Popular AI developer tool Ollama raises $65M, grows to nearly 9M users

Popular open source AI tool Ollama has raised a $65 million Series B round, led by Theory Ventures, founder and CEO Jeff Morgan tells TechCrunch.
This round follows a previous Series A of $15 million led by Peter Fenton of Benchmark. In total, the company has now raised $88 million.
Ollama, launched in 2023, helps devs run open-source AI models on their PCs, get them up and running in minutes. It has been recommended by developers across countless training sites, videos, blogs and social media posts. It has accumulated 176,000 stars and nearly 17,000 forks on GitHub.
Developers can also use Ollama to discover models and access the larger, more complex ones it hosts in its neocloud through several subscription tiers, from free to $100/month. It also tracks usage based on GPU time, not token limits.
If the goal of helping developers easily build on their PCs sounds familiar, it is. Morgan and his co-founder Michael Chiang previously helped create Docker Desktop. They came to Docker after buying their previous store, Kitematic. Docker creates containers that enable cloud applications to be easily moved from cloud to cloud, or from desktop to cloud, removing all complex hardware configuration issues.
So Ollama essentially does for AI what Docker and Docker Desktop do for the cloud.
“The open models started coming out in 2023 but they were difficult to use,” Morgan said. They were intended for researchers at the time, not programmers. “Because of this, it was really hard to get them to work.” Three years after launch, Ollama is now “used by over 8.9 million developers every month, sits in 85% of the Fortune 500 and is growing like crazy,” he said. All have only 14 employees.
That work experience is what drew Benchmark’s Peter Fenton to lead its previous round and join the board.
“What Jeff and Michael built with Docker is used by 10 million developers every day. The creative ability to create a product that goes universal for developers is very rare,” Fenton told TechCrunch.
Morgan and Fenton declined to discuss startup revenues and new valuations. However, Morgan says the proving ground for Ollama as a business happened in January, when OpenClaw was on fire. That’s when the big open models “suddenly were able to do these agent tasks, like writing code. Obviously, we saw an explosion of assistants like OpenClaw, and this idea that open models could get the real work done.”
Since then, the industry has been nervous about the idea that paying users (especially deep-pocketed enterprises and fast-growing AI startups) will turn to affordable open models, keeping their use of closed models like Anthropic to get the necessary foundation.
“I still think this is the most wrong part of the debate. It’s not either/or,” Fenton said of open versus closed AI models. There will be a lot of business for both of them, he argues. However, every company with a high cost of thinking — the cost of running models — has a “critical project at hand” that forces them to move to “open-weight models,” he said.

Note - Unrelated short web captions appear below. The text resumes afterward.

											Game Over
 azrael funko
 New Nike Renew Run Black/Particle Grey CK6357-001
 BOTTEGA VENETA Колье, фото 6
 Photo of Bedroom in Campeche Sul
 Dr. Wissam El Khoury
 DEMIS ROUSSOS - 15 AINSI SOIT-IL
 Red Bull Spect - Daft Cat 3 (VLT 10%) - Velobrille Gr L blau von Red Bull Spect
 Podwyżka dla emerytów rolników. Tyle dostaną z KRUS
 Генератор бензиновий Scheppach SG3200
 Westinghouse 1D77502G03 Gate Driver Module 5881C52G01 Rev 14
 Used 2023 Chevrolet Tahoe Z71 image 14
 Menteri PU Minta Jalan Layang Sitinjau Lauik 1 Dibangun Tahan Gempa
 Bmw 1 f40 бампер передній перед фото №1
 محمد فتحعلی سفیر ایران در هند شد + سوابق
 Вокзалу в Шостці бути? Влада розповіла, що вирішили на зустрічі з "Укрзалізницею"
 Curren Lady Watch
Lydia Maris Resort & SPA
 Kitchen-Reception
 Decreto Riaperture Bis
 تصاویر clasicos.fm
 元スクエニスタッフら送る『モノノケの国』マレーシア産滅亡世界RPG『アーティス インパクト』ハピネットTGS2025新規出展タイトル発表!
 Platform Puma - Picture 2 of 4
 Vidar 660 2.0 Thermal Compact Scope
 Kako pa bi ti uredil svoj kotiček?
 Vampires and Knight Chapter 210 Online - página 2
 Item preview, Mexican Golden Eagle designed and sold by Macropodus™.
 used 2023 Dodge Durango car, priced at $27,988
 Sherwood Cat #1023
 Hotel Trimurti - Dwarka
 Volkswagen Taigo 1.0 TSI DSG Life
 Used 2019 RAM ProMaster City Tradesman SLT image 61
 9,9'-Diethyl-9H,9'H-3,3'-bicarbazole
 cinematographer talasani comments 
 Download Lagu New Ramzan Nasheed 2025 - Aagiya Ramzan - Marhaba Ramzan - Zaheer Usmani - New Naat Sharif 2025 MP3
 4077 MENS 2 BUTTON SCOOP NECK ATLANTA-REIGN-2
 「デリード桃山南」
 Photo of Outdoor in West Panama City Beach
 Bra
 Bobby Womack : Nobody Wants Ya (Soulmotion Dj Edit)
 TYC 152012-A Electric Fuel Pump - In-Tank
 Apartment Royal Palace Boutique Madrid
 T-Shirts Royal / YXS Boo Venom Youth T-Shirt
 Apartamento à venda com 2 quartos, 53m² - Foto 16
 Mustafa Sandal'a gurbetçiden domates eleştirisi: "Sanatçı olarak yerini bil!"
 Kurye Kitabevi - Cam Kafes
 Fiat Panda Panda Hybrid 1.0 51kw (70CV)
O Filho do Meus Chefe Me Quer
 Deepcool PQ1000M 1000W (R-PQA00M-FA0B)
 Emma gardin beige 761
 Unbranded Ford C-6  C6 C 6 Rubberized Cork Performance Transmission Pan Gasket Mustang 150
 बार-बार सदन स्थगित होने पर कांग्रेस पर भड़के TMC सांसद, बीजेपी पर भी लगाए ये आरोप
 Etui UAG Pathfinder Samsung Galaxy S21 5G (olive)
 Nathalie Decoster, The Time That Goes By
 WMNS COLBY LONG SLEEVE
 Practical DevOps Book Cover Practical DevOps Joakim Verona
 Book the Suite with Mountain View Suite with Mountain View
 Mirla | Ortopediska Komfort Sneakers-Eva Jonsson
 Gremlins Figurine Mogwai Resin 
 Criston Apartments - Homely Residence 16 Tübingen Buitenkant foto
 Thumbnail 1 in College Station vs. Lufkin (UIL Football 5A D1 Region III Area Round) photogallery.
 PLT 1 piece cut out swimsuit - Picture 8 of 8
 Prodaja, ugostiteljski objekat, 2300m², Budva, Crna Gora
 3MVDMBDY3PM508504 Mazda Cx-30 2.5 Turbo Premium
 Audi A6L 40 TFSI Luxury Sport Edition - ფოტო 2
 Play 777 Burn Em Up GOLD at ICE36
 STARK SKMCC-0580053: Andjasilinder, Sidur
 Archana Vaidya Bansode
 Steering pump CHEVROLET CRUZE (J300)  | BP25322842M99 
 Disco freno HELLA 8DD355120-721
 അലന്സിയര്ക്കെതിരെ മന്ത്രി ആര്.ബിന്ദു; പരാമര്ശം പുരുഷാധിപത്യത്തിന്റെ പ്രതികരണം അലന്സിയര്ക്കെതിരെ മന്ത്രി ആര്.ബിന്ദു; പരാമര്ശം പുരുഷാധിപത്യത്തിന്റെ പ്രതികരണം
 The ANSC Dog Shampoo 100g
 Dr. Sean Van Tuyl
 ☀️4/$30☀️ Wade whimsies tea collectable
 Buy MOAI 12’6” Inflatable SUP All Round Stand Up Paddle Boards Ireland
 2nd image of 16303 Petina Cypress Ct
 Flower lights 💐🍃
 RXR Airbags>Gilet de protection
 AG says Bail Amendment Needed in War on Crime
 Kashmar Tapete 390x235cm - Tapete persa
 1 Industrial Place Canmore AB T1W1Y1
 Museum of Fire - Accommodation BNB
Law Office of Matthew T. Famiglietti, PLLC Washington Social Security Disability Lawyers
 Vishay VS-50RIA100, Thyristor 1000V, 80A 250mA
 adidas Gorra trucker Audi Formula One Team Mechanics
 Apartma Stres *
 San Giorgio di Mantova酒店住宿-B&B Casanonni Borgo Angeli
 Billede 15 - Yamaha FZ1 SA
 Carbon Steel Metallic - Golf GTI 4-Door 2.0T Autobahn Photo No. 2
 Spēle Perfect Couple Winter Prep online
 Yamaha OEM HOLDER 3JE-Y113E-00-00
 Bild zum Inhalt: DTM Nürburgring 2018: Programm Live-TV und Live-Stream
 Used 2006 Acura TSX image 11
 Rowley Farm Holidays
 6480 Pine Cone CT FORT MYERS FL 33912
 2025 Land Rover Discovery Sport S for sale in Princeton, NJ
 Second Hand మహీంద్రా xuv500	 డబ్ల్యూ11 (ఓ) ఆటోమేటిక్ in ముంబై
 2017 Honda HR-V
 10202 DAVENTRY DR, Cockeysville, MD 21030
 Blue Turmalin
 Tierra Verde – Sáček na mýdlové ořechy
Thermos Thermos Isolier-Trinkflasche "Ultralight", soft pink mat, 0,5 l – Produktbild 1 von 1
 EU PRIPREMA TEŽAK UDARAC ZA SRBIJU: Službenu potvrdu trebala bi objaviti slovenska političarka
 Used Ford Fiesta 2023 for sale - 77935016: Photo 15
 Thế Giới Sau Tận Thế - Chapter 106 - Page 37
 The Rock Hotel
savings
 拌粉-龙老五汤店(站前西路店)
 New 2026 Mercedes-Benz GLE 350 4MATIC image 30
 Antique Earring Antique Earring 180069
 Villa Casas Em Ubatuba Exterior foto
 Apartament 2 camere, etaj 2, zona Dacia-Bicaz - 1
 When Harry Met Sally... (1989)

There is a lot of evidence that such startups and businesses are already opening models for their daily needs. That, obviously, bodes well for Ollama’s cloud business.
But more interestingly, Ollama is another example of how AI is creating a huge new crop of open source projects that turn into companies followed by VCs. There are open source idea providers such as Inferact, maker of vLLM, and RadixArk, maker of SGlang. There is OpenClaw and its alternatives like NanoClaw. There are also small startups that build their open models from scratch, like Arcee.
To be sure, not all of Ollama’s fans are happy that the company was pursuing a living. About a year ago, a number of blog and social media posts complained that its cloud business was drawing attention away from its popular free project and cited Ollama as an example of the so-called “Enshittification” of dev tools, as the trend is called.
But Morgan sees its cloud service as an evolution of its open source mission to help programmers find and use models more easily. Those high-end, big, open models are often “too big to run on your computer. So we said, ‘Hey, let’s help get a computer for that,'” he explained.
Board member Fenton adds, “Nothing has changed in the main free product on the desktop. There is no change in the principle that this is a place where you can find and use local models.”